All nutritional information is based on third-party calculations and should be considered estimates. Actual nutrition content will vary based on brands used, measuring methods, portion sizes, and more.

Other Hard-Boiled Eggs Recipes to try

72 thoughts on “Super Easy Classic Deviled Eggs Recipe”

  1. I boiled eggs for my family and make egg salad sandwiches for my family. I’m not a fan but will feed my family. I don’t think I have ever made deviled eggs though!! Now I realize I should.

  2. I flippin LOVE these things! I never actually made them myself, they’re just always at family gatherings… Maybe it’s my turn to make them and share with the family ; )
    thanks!

    1. It can be tricky! If you look for my post about perfect hard-boiled eggs, it shows what I do. You’ve gotta put them in an ice bath as soon as they cook and it helps for sure! Also, practice. We make a lot of hard-boiled eggs.

  3. 5 stars
    Such a classic! We love deviled eggs. So easy to make (and even easier to eat lol). And you’re right, I love egg salad too 🙂

  4. Egg yolk with mayonnaise and mustard sounds delicious…I need to try this recipe this weekend. I am sure my little daughter will love it!

  5. Ooooooo so yummy!!! Deviled eggs are the best. Love them especially for Easter! So need to try your recipe out!!

    1. Thank you! My husband has actually been the one photographing lately because I don’t have the patience after I’ve been cooking and he’s been taking much better photos than I was!

    1. You should give them a try. They taste very different than scrambled eggs or a fried egg or anything like that. And I know, the 13 minutes seems funny, but it’s just the right amount of time!

  6. I am like the only person in my family who doesn’t love deviled eggs. But I make them because everyone else does. THis looks great!

  7. Haha great minds think alike – I’ve just dusted off my deviled egg recipe, too! Yours are so pretty with the piped effect – maybe I will take that extra step this year so ours look neater lol…

    1. I actually find it easier to fill them by piping than using a spoon to scoop because it lets you fill them without making a mess. At least, I always made a mess when trying to scoop!

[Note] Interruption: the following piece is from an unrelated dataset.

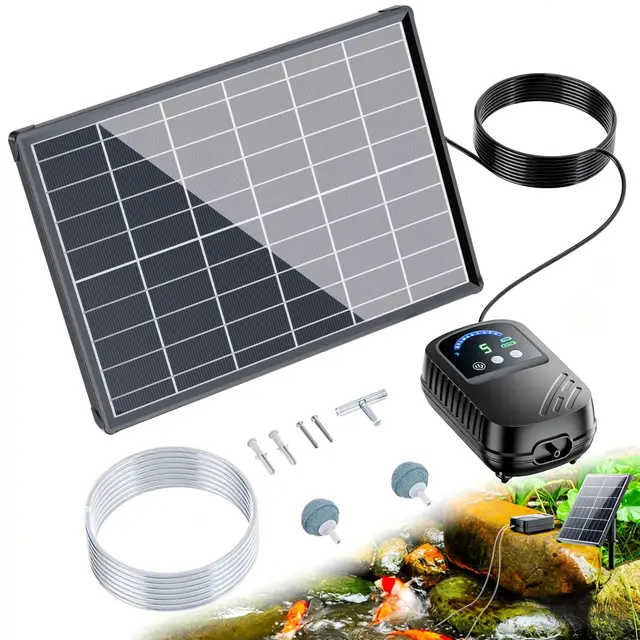 Biling Solar Teichbelüfter 8W Sauerstoffpumpe Teich Solar mit 5000mAh Akku Leise Teichluftpumpe Für Gartenteich Aquarium Winterfrostschutz Einstellbarer Luftstrom 2 Auslässe, auch an Bewölkten Tagen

  8. Would i be able to make eggs the night before and then do the preparation the morning of? Or is it best to do everything the day of?

    1. I have hard-boiled eggs and kept them in the shells in the refrigerator for a few days before to use in salads. I haven’t tried prepping the yolks ahead of time so can’t comment on that. But you can definitely boil the eggs ahead of time. I hope that helps!

  9. I made deviled eggs yesterday using this method and Hallelulah, they came out PERFECT for the first time! Thanks bunches for the cooking tip.☺

  10. JANICE S BALDWIN

    CAN I ASK A QUESTION? I CAN’T SEEM TO GET MY EGG YOKES CREAMY. THEY HAVE SMALL LUMPS AFTER I PUT IN MAYO AND MUSTARD. YOUR RECIPE SOUNDS WONDERFUL. I MAKE THEM FOR EASTER DINNER.

    1. Hi Janice! Mine aren’t always perfectly creamy either. There are still a few lumps here and there. I just keep going at it with either a potato masher or a fork until I get the consistency we like.